**Assignment**
I'd like the full listing transcribed exactly, with no images included.

Start of Data block

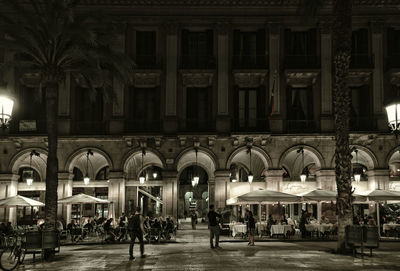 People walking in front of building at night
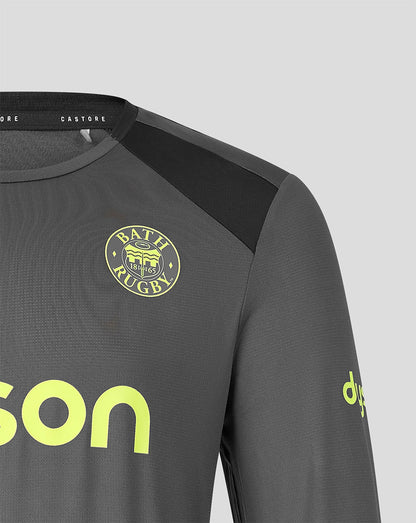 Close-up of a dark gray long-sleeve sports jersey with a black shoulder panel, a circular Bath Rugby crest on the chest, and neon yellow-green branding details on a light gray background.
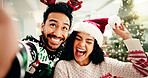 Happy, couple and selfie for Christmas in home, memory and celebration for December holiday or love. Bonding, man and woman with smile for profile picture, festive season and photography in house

End of Data block

**Solution to the problem**
 People walking in front of building at night
 Close-up of a dark gray long-sleeve sports jersey with a black shoulder panel, a circular Bath Rugby crest on the chest, and neon yellow-green branding details on a light gray background.
 Happy, couple and selfie for Christmas in home, memory and celebration for December holiday or love. Bonding, man and woman with smile for profile picture, festive season and photography in house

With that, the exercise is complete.